▸ WHAT YOU SHOULD DO
Please repeat the lines below exactly. Begin with the line containing "Cupsfire_gye's tweet photo. 🚨 #Precaución" and go on through the line containing "Según información al".
########
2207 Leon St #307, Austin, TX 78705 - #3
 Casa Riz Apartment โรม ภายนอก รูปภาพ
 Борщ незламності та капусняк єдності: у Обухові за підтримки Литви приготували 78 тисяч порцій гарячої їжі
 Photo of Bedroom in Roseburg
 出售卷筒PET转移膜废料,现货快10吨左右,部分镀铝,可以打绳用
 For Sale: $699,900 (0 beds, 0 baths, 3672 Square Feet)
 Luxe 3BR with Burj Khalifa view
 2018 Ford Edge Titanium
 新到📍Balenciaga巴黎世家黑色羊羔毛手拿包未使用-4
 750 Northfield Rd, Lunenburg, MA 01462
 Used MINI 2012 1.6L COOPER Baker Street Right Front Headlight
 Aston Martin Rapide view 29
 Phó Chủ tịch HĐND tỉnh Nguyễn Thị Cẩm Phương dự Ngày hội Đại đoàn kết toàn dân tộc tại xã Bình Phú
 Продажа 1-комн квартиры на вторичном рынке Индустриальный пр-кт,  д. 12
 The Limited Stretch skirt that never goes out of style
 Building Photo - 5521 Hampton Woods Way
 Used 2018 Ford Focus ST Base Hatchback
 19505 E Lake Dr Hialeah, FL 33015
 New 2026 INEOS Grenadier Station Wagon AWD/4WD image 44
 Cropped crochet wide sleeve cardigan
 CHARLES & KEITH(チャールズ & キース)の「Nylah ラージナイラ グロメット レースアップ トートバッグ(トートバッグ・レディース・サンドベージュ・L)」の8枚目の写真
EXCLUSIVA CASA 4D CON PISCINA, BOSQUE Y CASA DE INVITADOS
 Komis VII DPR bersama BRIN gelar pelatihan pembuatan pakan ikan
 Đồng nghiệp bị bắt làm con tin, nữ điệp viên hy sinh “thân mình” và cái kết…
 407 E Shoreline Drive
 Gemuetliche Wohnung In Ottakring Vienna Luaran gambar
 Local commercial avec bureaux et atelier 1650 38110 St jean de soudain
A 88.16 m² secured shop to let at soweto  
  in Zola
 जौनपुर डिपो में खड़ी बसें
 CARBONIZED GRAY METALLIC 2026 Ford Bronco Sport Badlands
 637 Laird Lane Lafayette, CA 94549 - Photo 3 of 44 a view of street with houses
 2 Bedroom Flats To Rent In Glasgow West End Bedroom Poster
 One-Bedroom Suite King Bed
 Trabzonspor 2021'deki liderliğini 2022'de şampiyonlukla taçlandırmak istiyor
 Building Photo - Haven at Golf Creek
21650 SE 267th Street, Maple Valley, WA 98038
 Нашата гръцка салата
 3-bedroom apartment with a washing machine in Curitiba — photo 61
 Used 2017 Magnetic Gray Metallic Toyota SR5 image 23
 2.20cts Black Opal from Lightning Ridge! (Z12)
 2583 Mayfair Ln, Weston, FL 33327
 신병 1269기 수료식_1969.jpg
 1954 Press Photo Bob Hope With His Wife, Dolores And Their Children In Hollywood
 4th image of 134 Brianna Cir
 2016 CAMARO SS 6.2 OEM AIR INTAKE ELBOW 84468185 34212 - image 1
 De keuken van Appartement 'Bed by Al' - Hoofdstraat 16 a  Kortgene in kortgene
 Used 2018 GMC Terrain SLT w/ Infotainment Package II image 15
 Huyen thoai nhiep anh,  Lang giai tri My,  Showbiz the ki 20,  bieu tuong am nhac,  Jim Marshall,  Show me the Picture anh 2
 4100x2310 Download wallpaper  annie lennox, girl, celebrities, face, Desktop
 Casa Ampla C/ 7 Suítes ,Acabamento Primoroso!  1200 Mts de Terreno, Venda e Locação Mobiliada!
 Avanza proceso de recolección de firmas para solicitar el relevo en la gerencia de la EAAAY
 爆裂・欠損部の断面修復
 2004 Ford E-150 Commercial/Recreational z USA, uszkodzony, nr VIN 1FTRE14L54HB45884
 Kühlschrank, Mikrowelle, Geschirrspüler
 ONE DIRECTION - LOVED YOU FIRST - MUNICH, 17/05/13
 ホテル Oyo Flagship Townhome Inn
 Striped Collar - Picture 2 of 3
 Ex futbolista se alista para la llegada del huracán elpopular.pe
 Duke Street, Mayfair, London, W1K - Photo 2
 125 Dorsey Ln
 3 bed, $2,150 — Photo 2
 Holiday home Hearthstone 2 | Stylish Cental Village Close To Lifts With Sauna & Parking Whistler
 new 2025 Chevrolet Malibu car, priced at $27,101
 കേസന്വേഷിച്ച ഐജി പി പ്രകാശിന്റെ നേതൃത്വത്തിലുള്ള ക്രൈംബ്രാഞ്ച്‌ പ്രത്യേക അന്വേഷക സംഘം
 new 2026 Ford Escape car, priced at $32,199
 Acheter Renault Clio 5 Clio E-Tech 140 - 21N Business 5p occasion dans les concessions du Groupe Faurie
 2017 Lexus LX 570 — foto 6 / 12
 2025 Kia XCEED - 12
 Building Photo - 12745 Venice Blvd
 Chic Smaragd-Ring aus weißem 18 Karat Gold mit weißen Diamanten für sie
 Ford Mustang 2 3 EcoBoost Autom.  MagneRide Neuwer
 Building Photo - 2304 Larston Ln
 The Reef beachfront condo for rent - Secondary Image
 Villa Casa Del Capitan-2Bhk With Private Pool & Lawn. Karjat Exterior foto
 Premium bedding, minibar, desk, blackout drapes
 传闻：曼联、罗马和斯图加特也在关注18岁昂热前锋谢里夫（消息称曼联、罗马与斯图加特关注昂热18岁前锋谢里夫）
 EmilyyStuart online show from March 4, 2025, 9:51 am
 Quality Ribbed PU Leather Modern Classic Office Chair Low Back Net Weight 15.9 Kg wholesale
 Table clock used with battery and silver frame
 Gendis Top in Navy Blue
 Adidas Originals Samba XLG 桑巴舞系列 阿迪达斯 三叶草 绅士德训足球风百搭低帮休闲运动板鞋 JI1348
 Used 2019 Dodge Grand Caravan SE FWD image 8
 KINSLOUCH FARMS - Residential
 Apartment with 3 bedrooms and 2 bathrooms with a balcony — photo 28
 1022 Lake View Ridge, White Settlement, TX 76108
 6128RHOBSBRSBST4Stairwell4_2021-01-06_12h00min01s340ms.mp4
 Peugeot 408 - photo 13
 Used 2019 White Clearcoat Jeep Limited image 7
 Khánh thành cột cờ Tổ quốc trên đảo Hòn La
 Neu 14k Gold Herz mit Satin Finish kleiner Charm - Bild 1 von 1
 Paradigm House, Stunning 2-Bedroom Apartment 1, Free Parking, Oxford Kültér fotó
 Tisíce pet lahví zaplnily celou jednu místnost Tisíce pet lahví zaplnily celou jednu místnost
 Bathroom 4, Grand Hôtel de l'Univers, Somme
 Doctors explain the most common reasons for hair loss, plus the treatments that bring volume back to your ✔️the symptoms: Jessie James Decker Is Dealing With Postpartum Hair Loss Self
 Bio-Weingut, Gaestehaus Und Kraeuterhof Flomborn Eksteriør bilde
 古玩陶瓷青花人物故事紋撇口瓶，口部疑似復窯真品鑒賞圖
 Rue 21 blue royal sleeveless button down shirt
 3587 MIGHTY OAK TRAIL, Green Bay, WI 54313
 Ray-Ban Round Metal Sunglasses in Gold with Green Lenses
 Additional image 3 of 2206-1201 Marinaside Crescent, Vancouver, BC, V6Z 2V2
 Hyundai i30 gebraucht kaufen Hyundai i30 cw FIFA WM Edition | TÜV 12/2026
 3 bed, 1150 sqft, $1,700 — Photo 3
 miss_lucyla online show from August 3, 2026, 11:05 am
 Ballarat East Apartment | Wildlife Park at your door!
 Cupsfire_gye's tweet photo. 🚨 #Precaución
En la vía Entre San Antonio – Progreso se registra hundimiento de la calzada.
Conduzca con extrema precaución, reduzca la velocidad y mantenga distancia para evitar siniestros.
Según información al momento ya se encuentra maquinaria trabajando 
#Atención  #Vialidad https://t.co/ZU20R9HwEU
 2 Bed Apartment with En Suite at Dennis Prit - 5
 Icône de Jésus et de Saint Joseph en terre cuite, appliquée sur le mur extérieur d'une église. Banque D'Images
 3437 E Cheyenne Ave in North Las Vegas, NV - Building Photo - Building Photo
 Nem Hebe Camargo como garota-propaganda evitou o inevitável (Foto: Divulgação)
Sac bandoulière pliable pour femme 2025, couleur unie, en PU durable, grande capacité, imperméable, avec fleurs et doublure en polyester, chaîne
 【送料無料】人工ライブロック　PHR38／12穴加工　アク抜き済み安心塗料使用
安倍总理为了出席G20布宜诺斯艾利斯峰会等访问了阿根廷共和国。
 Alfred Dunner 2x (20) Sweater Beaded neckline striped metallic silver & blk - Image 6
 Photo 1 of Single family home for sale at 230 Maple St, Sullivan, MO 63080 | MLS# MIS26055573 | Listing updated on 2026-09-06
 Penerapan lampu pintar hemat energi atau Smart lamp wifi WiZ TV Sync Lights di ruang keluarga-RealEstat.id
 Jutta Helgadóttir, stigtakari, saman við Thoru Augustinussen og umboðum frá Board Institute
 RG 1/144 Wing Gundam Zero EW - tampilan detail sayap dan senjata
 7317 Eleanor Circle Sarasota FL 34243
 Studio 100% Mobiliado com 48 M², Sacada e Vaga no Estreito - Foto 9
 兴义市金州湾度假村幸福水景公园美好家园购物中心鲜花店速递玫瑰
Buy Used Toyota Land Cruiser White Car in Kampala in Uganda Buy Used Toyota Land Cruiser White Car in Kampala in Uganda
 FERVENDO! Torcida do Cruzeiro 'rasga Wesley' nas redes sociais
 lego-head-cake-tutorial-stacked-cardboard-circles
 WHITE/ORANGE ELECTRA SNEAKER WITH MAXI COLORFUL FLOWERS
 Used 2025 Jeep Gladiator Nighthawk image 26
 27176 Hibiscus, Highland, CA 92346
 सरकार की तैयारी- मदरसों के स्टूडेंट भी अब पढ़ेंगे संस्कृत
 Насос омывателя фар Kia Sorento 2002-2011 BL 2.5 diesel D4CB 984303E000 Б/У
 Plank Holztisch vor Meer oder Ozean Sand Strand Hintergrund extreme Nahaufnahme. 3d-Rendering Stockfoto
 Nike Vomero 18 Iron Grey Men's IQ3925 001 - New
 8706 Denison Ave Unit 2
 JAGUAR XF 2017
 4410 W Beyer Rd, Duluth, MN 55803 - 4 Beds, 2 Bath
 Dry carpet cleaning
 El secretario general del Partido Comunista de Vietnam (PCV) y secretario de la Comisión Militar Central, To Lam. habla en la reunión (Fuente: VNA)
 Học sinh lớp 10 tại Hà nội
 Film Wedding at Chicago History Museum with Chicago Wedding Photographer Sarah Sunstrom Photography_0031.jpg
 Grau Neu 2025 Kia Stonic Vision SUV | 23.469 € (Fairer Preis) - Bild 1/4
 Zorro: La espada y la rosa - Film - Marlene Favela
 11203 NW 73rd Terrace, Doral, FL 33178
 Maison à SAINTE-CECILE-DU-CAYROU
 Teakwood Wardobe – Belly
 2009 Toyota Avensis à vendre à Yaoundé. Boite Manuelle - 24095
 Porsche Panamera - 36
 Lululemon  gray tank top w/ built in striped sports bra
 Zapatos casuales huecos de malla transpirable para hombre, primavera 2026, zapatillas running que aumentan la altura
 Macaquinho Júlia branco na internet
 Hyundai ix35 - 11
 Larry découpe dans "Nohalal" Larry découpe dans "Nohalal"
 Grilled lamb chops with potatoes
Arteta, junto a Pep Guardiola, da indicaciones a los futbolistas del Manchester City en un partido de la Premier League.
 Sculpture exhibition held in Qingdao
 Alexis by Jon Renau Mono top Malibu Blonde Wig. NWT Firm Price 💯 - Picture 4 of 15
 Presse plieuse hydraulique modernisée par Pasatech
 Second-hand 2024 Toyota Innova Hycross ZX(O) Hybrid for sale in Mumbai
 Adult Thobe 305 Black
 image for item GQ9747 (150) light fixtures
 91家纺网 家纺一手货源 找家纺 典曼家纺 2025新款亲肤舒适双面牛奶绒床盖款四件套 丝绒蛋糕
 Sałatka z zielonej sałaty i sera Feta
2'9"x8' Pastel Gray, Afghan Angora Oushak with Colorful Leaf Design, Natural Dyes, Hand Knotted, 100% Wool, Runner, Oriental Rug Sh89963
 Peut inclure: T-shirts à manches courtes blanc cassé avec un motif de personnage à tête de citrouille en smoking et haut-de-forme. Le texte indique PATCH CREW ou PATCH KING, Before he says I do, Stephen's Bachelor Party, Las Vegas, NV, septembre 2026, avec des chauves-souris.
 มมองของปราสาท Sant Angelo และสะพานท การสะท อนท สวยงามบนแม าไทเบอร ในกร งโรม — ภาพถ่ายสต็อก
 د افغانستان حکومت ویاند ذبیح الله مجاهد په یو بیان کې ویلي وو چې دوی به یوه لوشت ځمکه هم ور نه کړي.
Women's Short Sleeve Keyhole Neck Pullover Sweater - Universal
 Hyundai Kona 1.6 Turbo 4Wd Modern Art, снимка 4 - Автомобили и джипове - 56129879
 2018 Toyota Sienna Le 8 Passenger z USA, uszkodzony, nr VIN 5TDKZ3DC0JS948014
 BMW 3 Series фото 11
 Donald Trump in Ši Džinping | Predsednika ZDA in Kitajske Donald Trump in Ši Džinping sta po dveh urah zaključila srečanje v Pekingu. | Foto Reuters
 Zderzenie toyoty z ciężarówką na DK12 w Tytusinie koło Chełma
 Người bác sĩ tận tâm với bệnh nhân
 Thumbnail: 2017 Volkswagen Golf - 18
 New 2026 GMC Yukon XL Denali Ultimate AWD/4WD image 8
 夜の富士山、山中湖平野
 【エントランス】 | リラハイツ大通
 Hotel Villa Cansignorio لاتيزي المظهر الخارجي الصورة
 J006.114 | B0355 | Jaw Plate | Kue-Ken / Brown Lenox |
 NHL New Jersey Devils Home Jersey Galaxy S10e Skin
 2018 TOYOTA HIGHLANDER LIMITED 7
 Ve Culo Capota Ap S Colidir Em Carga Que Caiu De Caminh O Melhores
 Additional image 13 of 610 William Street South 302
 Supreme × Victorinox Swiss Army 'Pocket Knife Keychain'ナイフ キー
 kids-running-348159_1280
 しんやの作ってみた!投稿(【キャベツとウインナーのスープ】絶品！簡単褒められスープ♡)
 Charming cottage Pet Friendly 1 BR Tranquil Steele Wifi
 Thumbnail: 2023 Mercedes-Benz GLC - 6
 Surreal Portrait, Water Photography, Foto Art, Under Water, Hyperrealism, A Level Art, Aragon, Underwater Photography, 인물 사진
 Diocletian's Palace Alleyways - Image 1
########
▸ RESPONSE TO THE TASK
 Cupsfire_gye's tweet photo. 🚨 #Precaución
En la vía Entre San Antonio – Progreso se registra hundimiento de la calzada.
Conduzca con extrema precaución, reduzca la velocidad y mantenga distancia para evitar siniestros.
Según información al momento ya se encuentra maquinaria trabajando 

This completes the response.